Dans un documentaire qui lui est consacré, le pape François défend l’idée d’une union civile pour les couples de personnes de même sexe. Comme archevêque de Buenos Aires mais aussi en tant que pape, il s’était déjà prononcé pour cette solution, en la distinguant du mariage.

Rome De notre envoyé spécial permanent

La petite phrase a fait le tour du monde. Les propos du pape sur l’union civile et les couples homosexuels, tenus dans un documentaire présenté mercredi 21 octobre à la Fête du cinéma de Rome, ont immédiatement provoqué commentaires et interrogations. Mais qu’a vraiment dit le pape et dans quel contexte ? Dans un film de près de deux heures réalisé par Evgeny Afineevsky, François revient, au cours d’interviews réalisées en espagnol, sur plusieurs épisodes de son pontificat. Parmi eux, il évoque ses rencontres régulières avec des personnes homosexuelles. Le documentariste raconte notamment l’histoire d’Andrea Rubera, en couple avec un autre homme, venu rencontrer le pape pour lui parler de l’intégration de ses trois enfants dans sa paroisse.

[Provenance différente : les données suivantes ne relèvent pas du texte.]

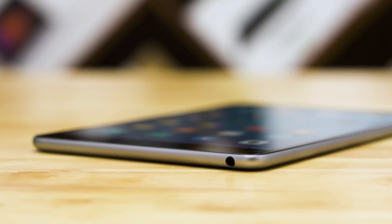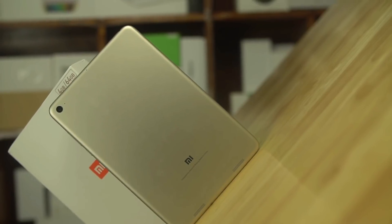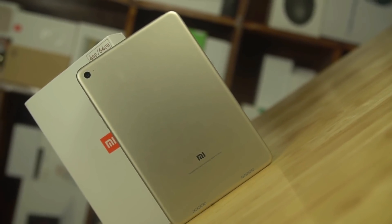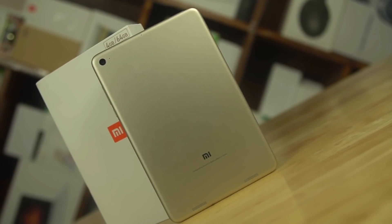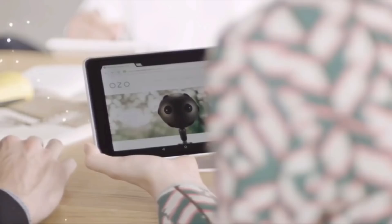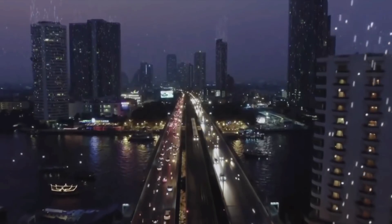A Xiaomi executive stated that the company was working on a new Mi Pad tablet back in October, but we haven't heard any official information since then. Now, we have obtained firmware files of the Xiaomi tablet with the Qualcomm Snapdragon 660, which we believe to be the Xiaomi Mi Pad 4.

C’est à la suite de cette séquence présentée par le réalisateur que le pape aborde la question des unions civiles. « Les personnes homosexuelles ont des droits à être dans une famille, ils sont enfants de Dieu, ils ont le droit à une famille. On ne peut pas expulser quelqu’un d’une famille ou lui rendre la vie impossible pour cette raison. Ce que nous devons faire, c’est une loi d’union civile, car ils ont le droit à une couverture légale. C’est ce que j’ai défendu. » Ces phrases sont tirées d’un entretien réalisé par une journaliste mexicaine, Valentina Alazraki, la correspondante au Vatican de Noticieros Televisa. Dans cette interview fleuve, diffusée en février 2019 à la télévision mexicaine, le pape aborde la question des personnes homosexuelles, et du mariage. Mais à l’époque, la phrase sur l’union civile ne figure pas dans le montage final de l’entretien. Pourquoi n’avait-elle pas été diffusée ? Et comment le réalisateur Evgeny Afineevsky s’est-il procuré cet extrait ? Ces questions, envoyées par La Croix à l’équipe du documentaire et à la journaliste mexicaine, restent, pour l’heure, sans réponse. Le Vatican n’a également fait aucun commentaire.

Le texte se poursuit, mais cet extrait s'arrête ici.